Exercise description: Copy nothing past the line containing "solo, handsome, 1". Transcribe every line of the listing below up to and including it, from the first, except pictures.

Provided material:
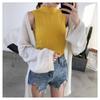 Regata de Tricô de Cor Pura Sem Mangas com Gola Média Fina de Verão Transfronteiriça Roupa Externa para Mulheres para Usar por Baixo Camiseta com Visual Emagrecedor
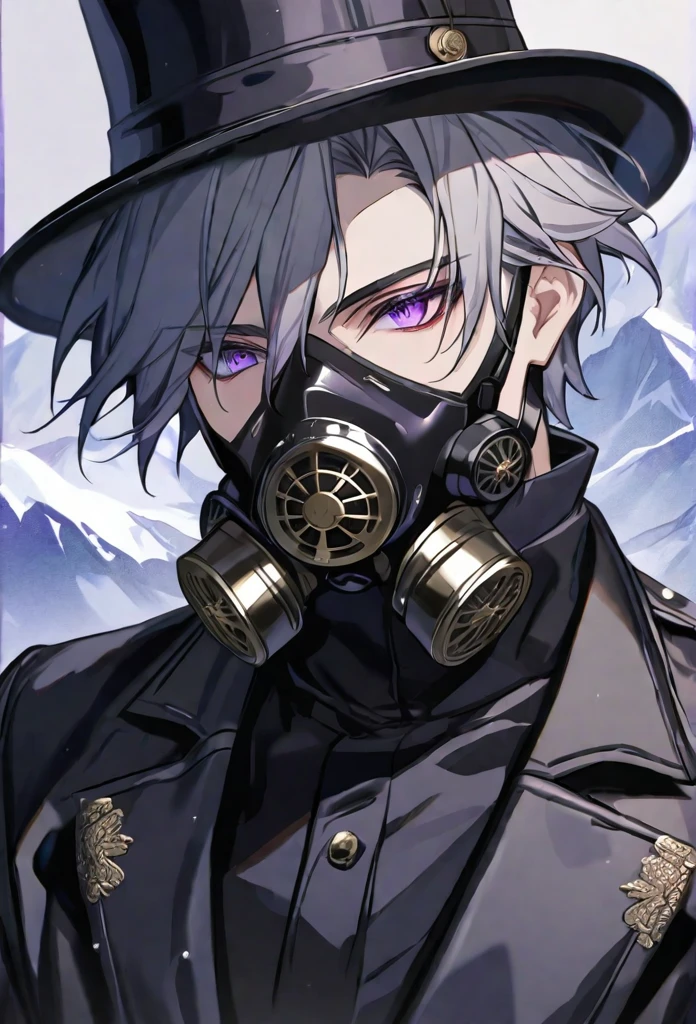 solo, handsome, 1 male, short hair, gray hair, purple eyes, black coat, black plague gas mask, black gloves, black top hat,background snow mountain,delicate face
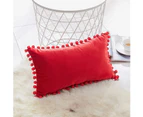 Decorative Lumbar Throw Pillow Covers 12 x 20 Inch Soft Particles Velvet Solid Cushion Covers with Pom-poms for Couch Bedroom Car , Pack of 2 12"x20"-Red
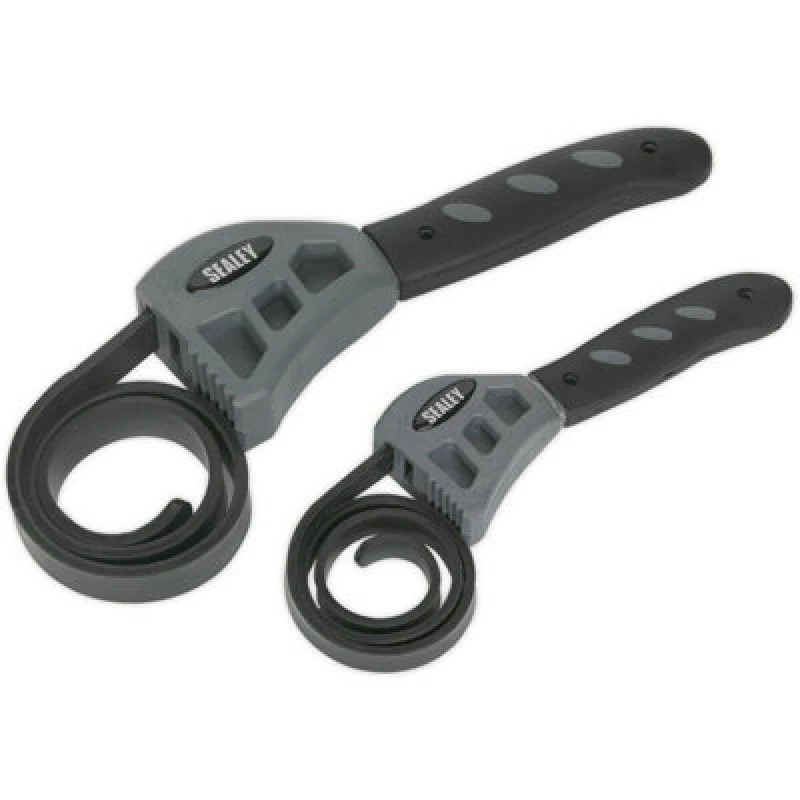 Image of Loops 2 Piece Adjustable Strap Wrench Set - 120 & 150mm Diameters - Soft Grip Handle Multi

Response to the task:
 Regata de Tricô de Cor Pura Sem Mangas com Gola Média Fina de Verão Transfronteiriça Roupa Externa para Mulheres para Usar por Baixo Camiseta com Visual Emagrecedor
 solo, handsome, 1 male, short hair, gray hair, purple eyes, black coat, black plague gas mask, black gloves, black top hat,background snow mountain,delicate face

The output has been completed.